Nur Muhammed (sav) Abdulmuttalib'in Yanında

Gözlerimizin nuru, Sevgili Peygamberimiz (sav), sevgili annesini Ebva'da gömdükten sonra, yanında Ümmü Eymen olduğu halde mahzun bir kalb ile Mekke'ye ulaşır.

Gözlerimizin nuru, Sevgili Peygamberimiz (sav), sevgili annesini Ebva'da gömdükten sonra, yanında Ümmü Eymen olduğu halde mahzun bir kalb ile Mekke'ye ulaşır.
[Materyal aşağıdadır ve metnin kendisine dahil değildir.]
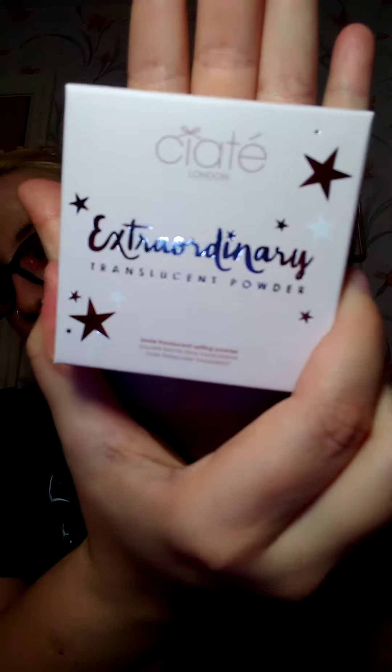Little pamphlet — it says 'Find Your Light.' That's me, I like that. So first up in the box, we have a Ciaté London — I think that's how you say it, not completely sure, but going with that. It's an extraordinary translucent powder. I'm going to assume this is like a setting powder.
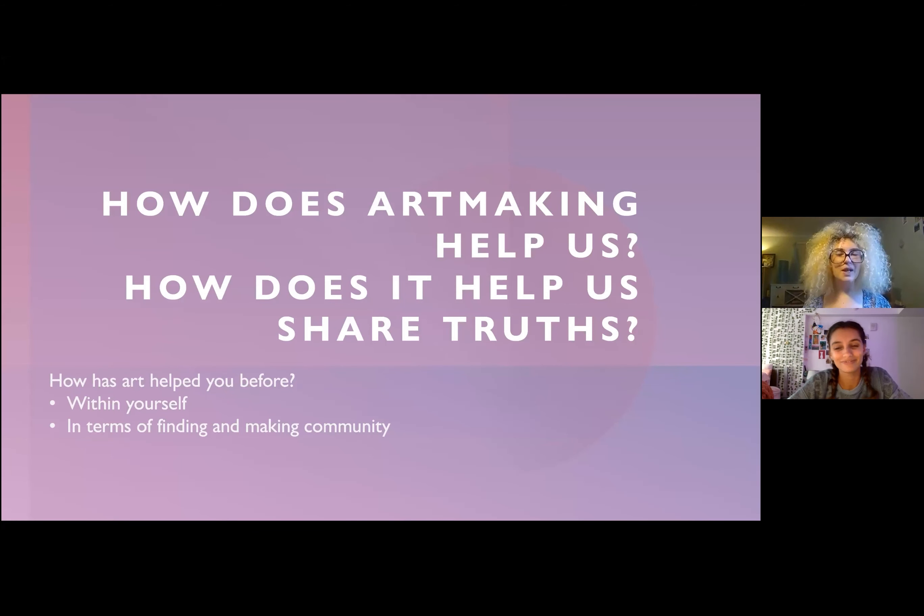To start thinking about our personal artist statements — while we'll be writing it, it won't have to be that long — really take time to reflect on these questions: how does art making help us, and how does it help us share truths? Specifically, in that act of expressing something creatively, how does that empower you to be honest over just being straightforward in a very rational way of sharing your ideas? There isn't anything wrong with that, it's just that different ways help you in different ways.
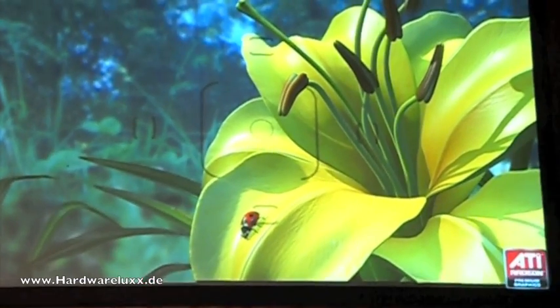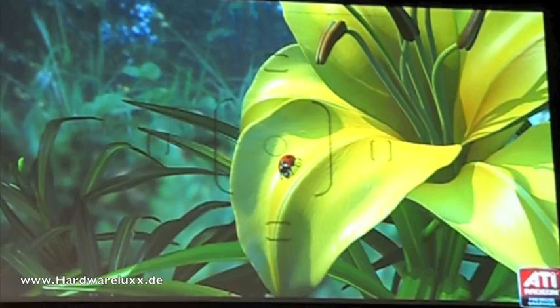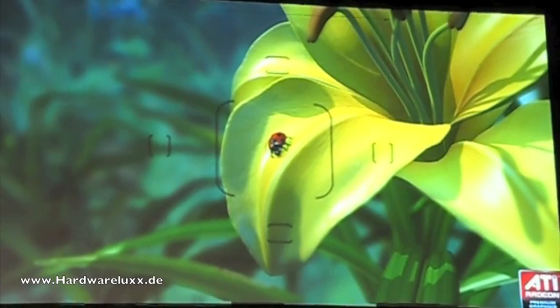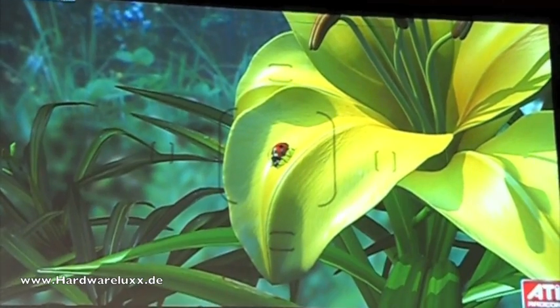Or we can go up to the stamens and you can see that these are smoothly in and smoothly out of focus. The effect is right. If you're in the movie business, you care about this hugely. People in the movie business laugh about the kind of depth of field effects that we have with DX9 and DX10 hardware.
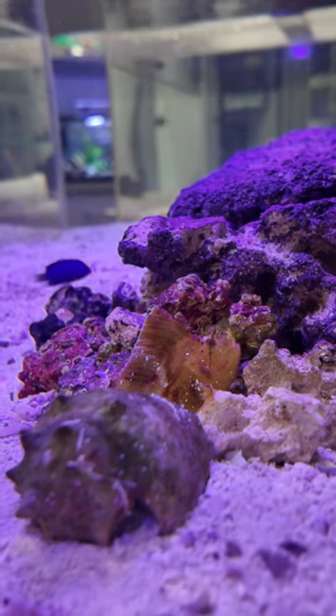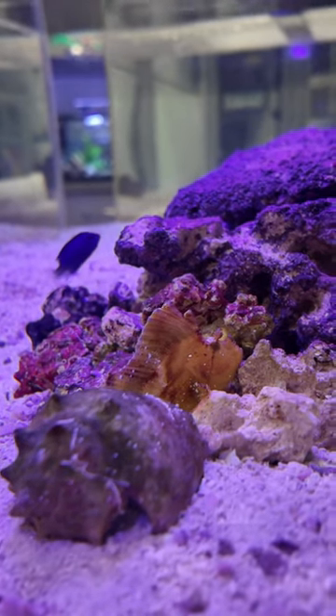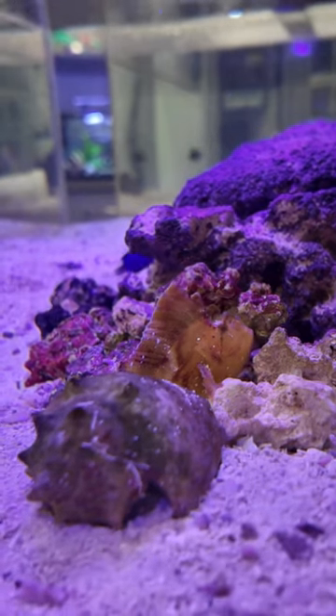They would ideally have tank mates that aren't very nippy, since even though they are venomous, some animals can still nip at their fins and cause them a lot of stress. But also make sure the tank mates aren't too small, or else they will become a snack for your scorpion fish.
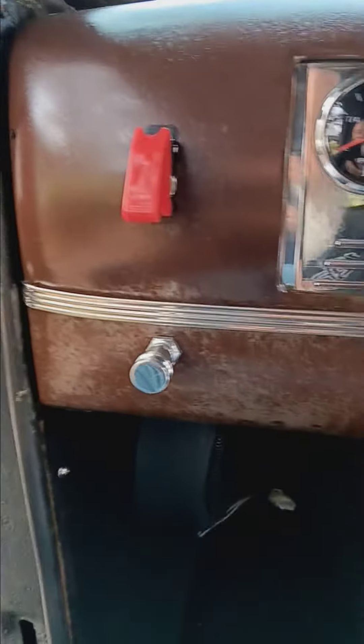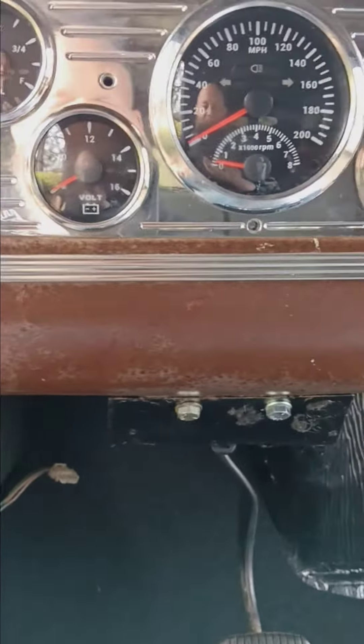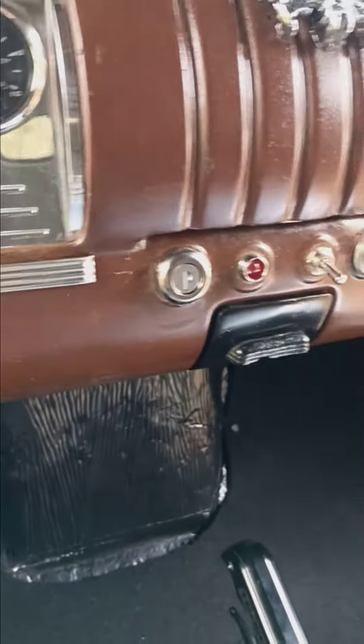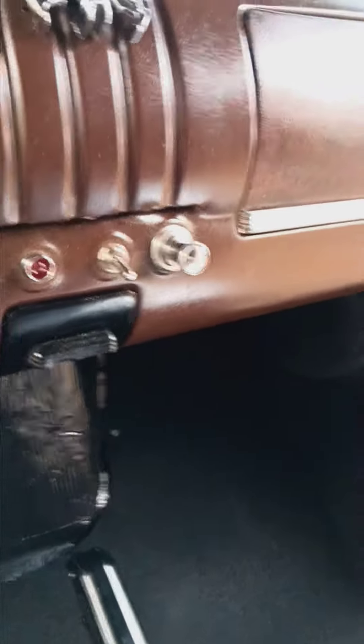Been out here tinkering with the 46 today. Got the dash panels all locked in, bolted in place. Ignition, MSD switch, cigarette lighter.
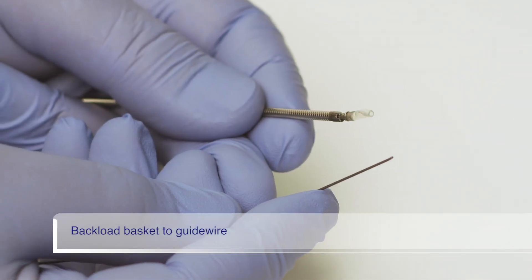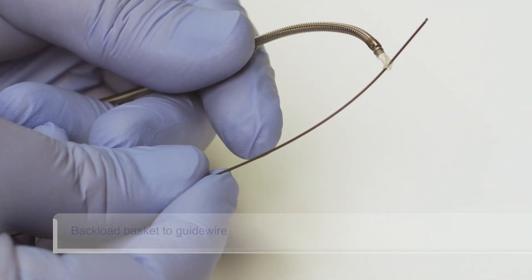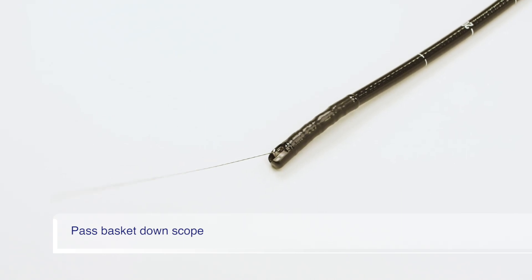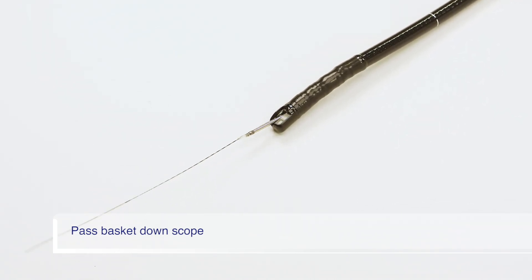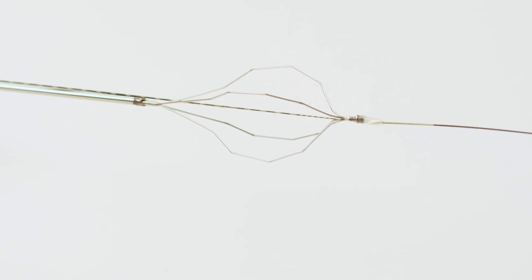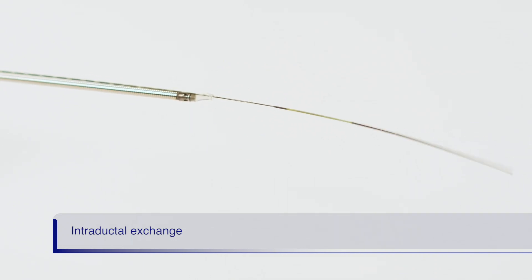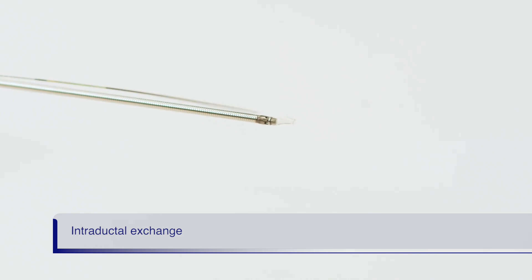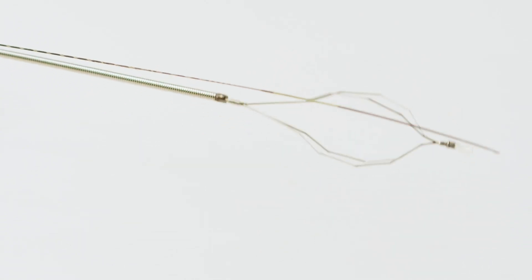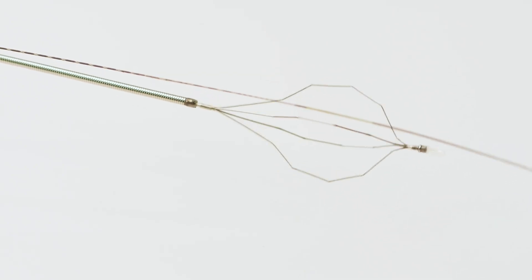Backload the distally wire-guided basket tip onto a .035 inch or smaller guide wire. Pass the basket down the scope along the guide wire into the patient's duct. The distally wire-guided tip enables the basket to cannulate the duct by following the guide wire. Once in the duct, to allow for full basket rotation, separate the guide wire from the basket tip by performing an intraductal exchange. This is accomplished by slowly withdrawing the guide wire while advancing the basket until the guide wire and basket are separated inside the duct. Now the basket can be fully rotated without being caught in the wire, and the wire can maintain ductal access during the entire procedure.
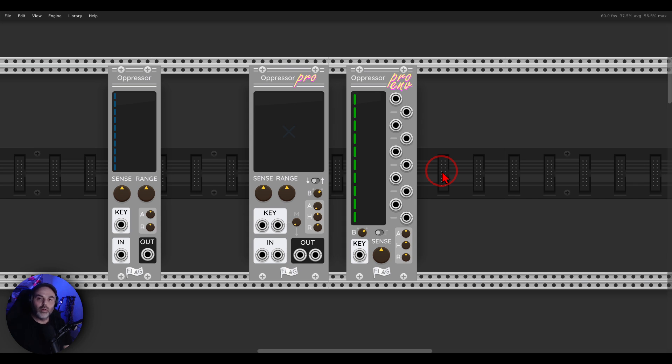Today we'll have a look at Oppressor Pro and Oppressor Pro Envelope. Both are commercial modules from Flag. Oppressor Pro is the enhanced version of the original Oppressor, which is mono and has fewer features. The original Oppressor is available for free. Oppressor Pro is all about ducking, side-chaining, and gating. Oppressor Pro Envelope is a multi-band envelope follower — both have really interesting features.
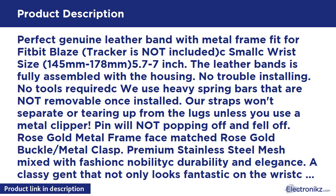Vimoro for Fitbit Blaze Band Small Leather Bracelet Strap Replacement Band with Metal Frame for Fitbit Blaze Smart Fitness Watch. Camel Band Plus Rose Gold Frame Small.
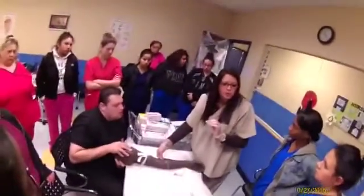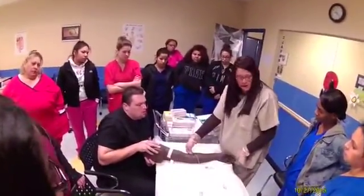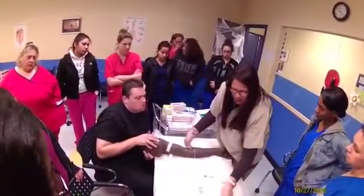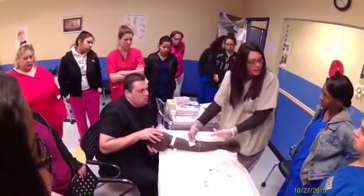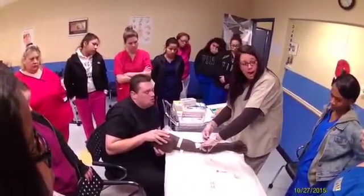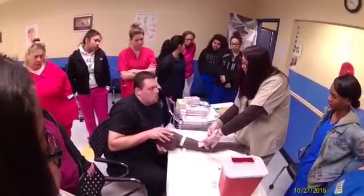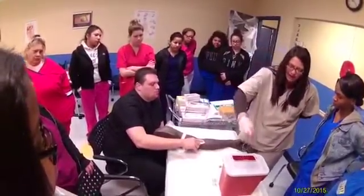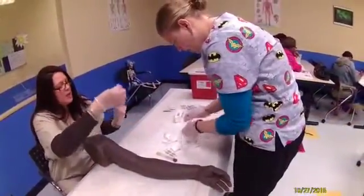I'm going to end my venipuncture procedure and it's always the same. Tourniquet — pop it off with one hand, right? Take our tube out. Gauze. I'm going to get my gauze and just lay it on top. I am not pushing — why? It's going to hurt because the needle's in there. So I'm going to lay it on top, coming straight out quickly the same way that I went into the vein. I'm going to ask my patient: please put pressure here.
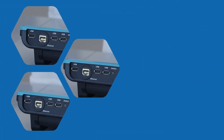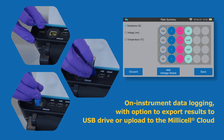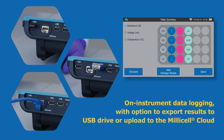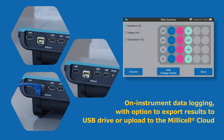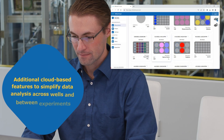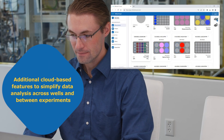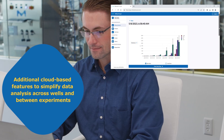Never lose your data with automatic on-instrument recording. Easily export your results to a USB drive or upload to the Millicell cloud via Wi-Fi or Ethernet connection. Our web-based application allows for convenient downstream analysis as well as sorting and archiving of data with greater access.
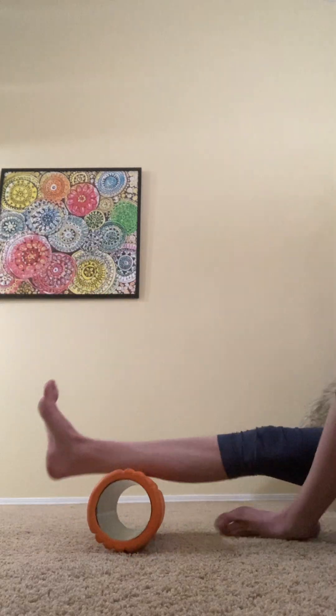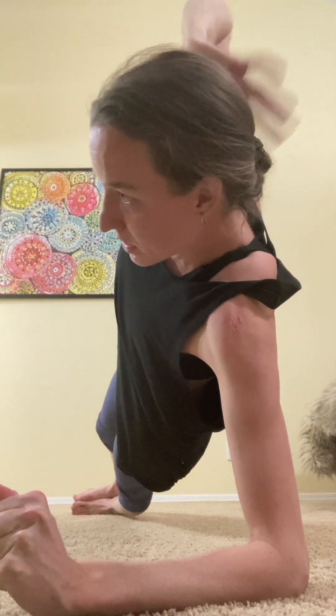Do the same thing with the other side. Next movement: hip abduction side plank. On your elbow, straight body line, arm above your head or holding your head, then raise the top leg 10 times per side. Really try to keep your foot parallel with the ground and body line straight.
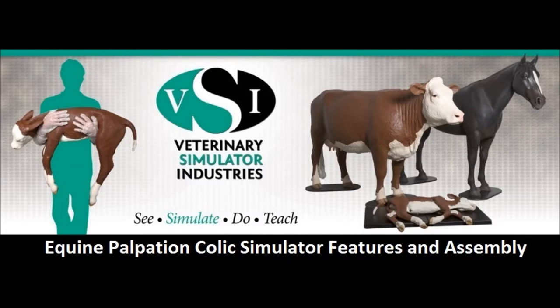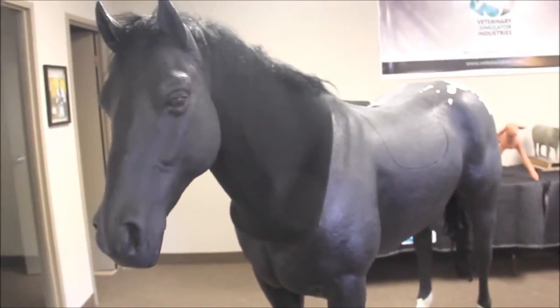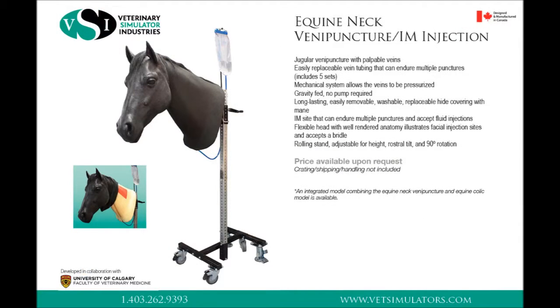This video will cover the VSI Equine Palpation Colex Simulator features and assembly. For more specific instructions regarding the installation of the palpation panel assembly, please watch our dedicated Equine Theriogenology video. The Equine Palpation Colex Simulator comes standard with the neck venipuncture and can be used separately from the body with the VSI adjustable stand. It is also available for purchase as a stand-alone unit.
Ümmü Eymen Onu, dedesi Abdulmutalib'e teslim eder. Dede, hem anneden ve hem de babadan öksüz kalan torununu bağrına basar. Sevgili Muhammed (sav) artık kendisinden bir parçaymış gibi onunla beraber olur. Abdulmutalib, küçük yaşına rağmen torununda görmüş olduğu olgunluk ve ağırbaşlılıktan dolayı mutlu olur ve onu hep yanında oturtur. Abdulmutalib'ten başka kimsenin oturmadığı mindere, Sevgili Muhammed gidip oturur. Onu buraya oturtmak istemeyenlere, Abdulmutalib:

"Oğlumu serbest bırakın. Vallahi, ileride onun nâmı ve şânı büyük olacaktır" der, sonra da muhterem torununu minderin üstüne, yan tarafına oturtur, eliyle sırtını okşayarak ona olan sonsuz sevgisini belirtirdi.[1]

Abdulmuttalib, Sevgili Torununda büyük haller görüyordu. Zayi olan şeylerin bulunması için Ona başvururlardı. O da bulur, onlara getirirdi. Bu durum defalarca tekrarlanmıştı. Son olarak kaybolan develerin bulunması için Ona başvurdular. Develeri bulmak için aramaya çıkan Sevgili Muhammed gecikince, Abdulmutalib onun için endişeye kapılır ve bir daha onu böyle bir şey için göndermeyeceğini söyler. Sevgili Muhammed bu sefer de develeri bulup getirmişti.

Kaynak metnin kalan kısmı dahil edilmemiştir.